Nora Schmid wird neue Intendantin der Dresdner Semperoper. Sie soll für das "Übermorgen der Oper" sorgen - ohne die Tradition zu verraten.

Von Wolfgang Schreiber

Die Dresdner Semperoper, eine Legende des Musiktheaters, zerstört in der Bombennacht 1945, war der DDR-Kulturpolitik die stolze, sündteure und pingelig der Neorenaissance verhaftete Rekonstruktion wert. In Anwesenheit der kompletten Partei- und Staatsmacht wurde das Haus am 13. Februar 1985 wiedereröffnet - erinnerlich in "glanzvoll" eisiger Atmosphäre. Seitdem hat die Semperoper luxuriösen Schimmer und manches Qualitätsproblem angesammelt. So den Ehrgeiz, die anstürmenden Touristen mit Edeldarbietungen des Standardrepertoires, effektvoll selbstgenügsam, zufriedenzustellen, von der "Zauberflöte" bis "Tosca".

Als die Dramaturgin der Bayerischen Staatsoper, Ulrike Hessler, 2012 Intendantin der Semperoper wurde, gab es Anzeichen eines substanziellen Qualitätssprungs. Sie machte die Schweizerin Nora Schmid zu ihrer Chefdramaturgin. Ulrike Hessler verstarb allzu früh, Nora Schmid, 1978 in Bern geboren, übernahm später die Opernintendanz in Graz, bis heute mit mehr als nur guten Resultaten. Sie machte die gleichaltrige ukrainische Dirigentin Oksana Lyniv zu ihrer glamourösen Musikdirektorin. Diese wird - zum ersten Mal steht eine Frau am Bayreuther Dirigentenpult - im Sommer die Festspielpremiere von Wagners "Der fliegende Holländer" dirigieren.

Die Überraschung jetzt: Nora Schmid wurde von der Kulturministerin Barbara Klepsch zur neuen Intendantin der Semperoper bestimmt. Der Vertrag des bisherigen Intendanten, des tüchtigen Schweizers Peter Theiler, wird nicht über 2024 hinaus verlängert. Das Gleiche widerfährt, wie bereits berichtet, dem weltweit prominenten Musikdirektor der Dresdner Staatskapelle, also des Opernorchesters, Christian Thielemann. Dieser muss bald auch die künstlerische Leitung der Salzburger Osterfestspiele abgeben, und seine führende Position am Dirigentenpult - im "mystischen" Graben - der Bayreuther Festspiele ist für die Zukunft durchaus noch offen.
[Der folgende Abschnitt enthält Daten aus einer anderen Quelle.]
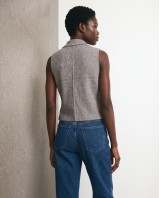 Knit Blazer Vest - grey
Intendant Theiler hat seine Abberufung aus Dresden mit erstaunlicher Freundlichkeit quittiert, er könne die Entscheidung des Ministeriums, "die Weichen für die Semperoper unter dem Motto Zukunftsperspektive 'Semper 2030' neu stellen zu wollen", verstehen.

Entscheidung für Neuausrichtung

Für die Staatsoper, wie überhaupt für die Kulturpolitik der sächsischen Landeshauptstadt, kommt die Entscheidung einer fundamentalen Neuausrichtung gleich. Die Erklärung der Ministerin lautet: "Wir sehen dabei das, was heute gut ist, und denken trotzdem an das Übermorgen der Oper." Eine Oper der Zukunft, etwa in zehn Jahren, "wird eine andere als die Oper von heute sein: Sie wird teilweise neue Wege zwischen tradierten Opern- und Konzertaufführungen und zeitgemäßer Interpretation von Musiktheater und konzertanter Kunst gehen müssen." Das traut die Ministerin dem bisherigen Intendanten und Musikdirektor offenbar nicht mehr zu.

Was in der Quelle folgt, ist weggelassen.